1 de maio de 2020

Ravel: Jeux de Miroirs (Harmonia Mundi, 2020)

Em janeiro de 2019, em entrevista à “Platea”, e precisamente a propósito de Ravel, Javier Perianes foi confrontado com a questão da apropriação cultural (pelo ar, ainda, o eco das palminhas aciganadas de ‘Malamente’, de Rosalía): “Não me atreveria a afirmá-lo de modo categórico”, respondeu o pianista, ciente de que se discutiam práticas que, em rigor, não pertencem exclusivamente a ninguém. “Temos de reconhecer que Ravel permite uma visão de Espanha extremamente refinada em algumas das suas peças.
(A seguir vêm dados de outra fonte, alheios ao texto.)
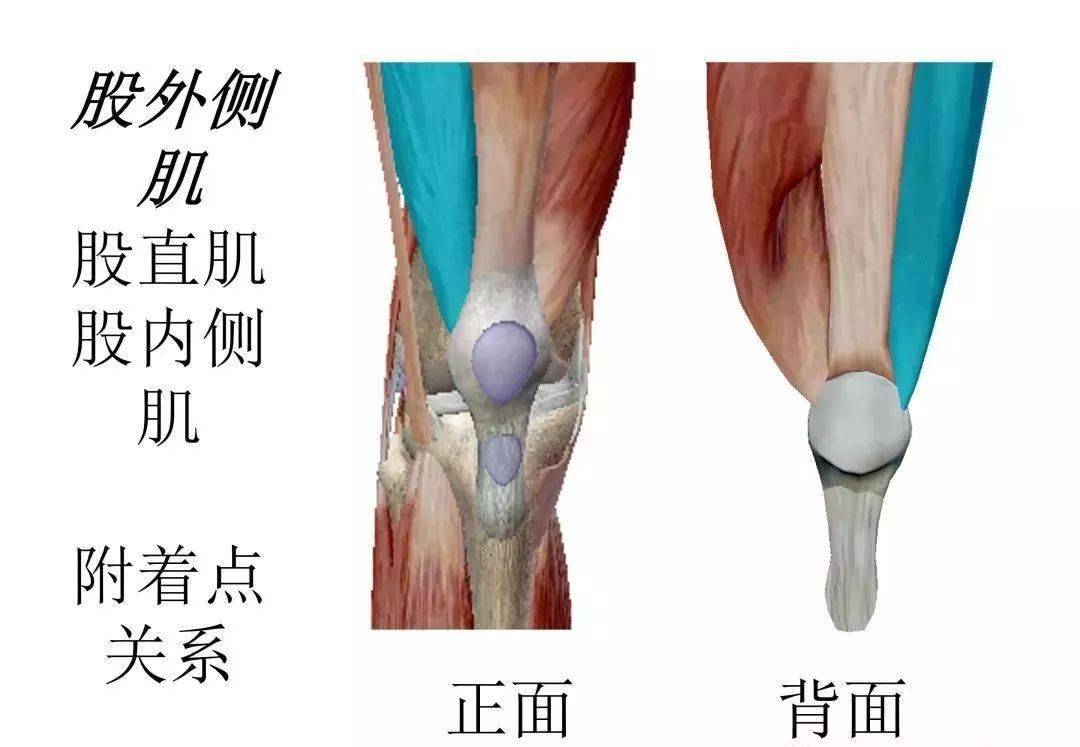 膝关节3d全彩解剖图谱,解剖学老师推荐的!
Diria que a perspetiva francesa de inícios do século XX era de um folclorismo requintado. Ou seja, que, a partir de postulados muito seus, assimilava elementos da nossa música que imediatamente estilizava com cores e recursos próprios. Aliás, em França, senti sempre que o público reagia de forma muito positiva à música espanhola, como se de alguma maneira nela fosse encontrando algo de si mesmo”, explicava. Estava já a falar de espelhos – ou, pelo menos, da transferência para o plano figurado daquela empática relação com espelhos que, segundo Lacan, desenvolvemos, ali, entre os 6 e os 18 meses, e que leva a que nos situemos no mundo. Agora, neste curiosíssimo CD, que se diria saído do campo da psicologia cognitiva, é Ravel que Perianes põe ao espelho: “De um lado, o compositor que escrevia originalmente para piano; do outro, o genial orquestrador”, anuncia. Isto é, com Pons, propõe que escutemos, de seguida, “Alborada del gracioso” e “Le Tombeau de Couperin” nos seus enunciados iniciais e nas suas formulações revistas, tornava Ravel às suas partituras como Monet aos seus nenúfares. Pressuposto que me traz à memória o dia em que visitei a casa-museu de Ravel, em Montfort-l’Amaury, e me senti a profanar o templo de um solipsista, quando tudo o que conhecia da obra dele apontava em sentido inverso: também aqui, numa articulação clara e arejada, sobretudo quando faz pivô num “Concerto para Piano em Sol maior” em que alivia o asfíxico efeito estufa que há anos anuvia a obra, revela Perianes esse delicado Ravel tão dado aos seus semelhantes, nem que fosse apenas para melhor lhes captar o reflexo.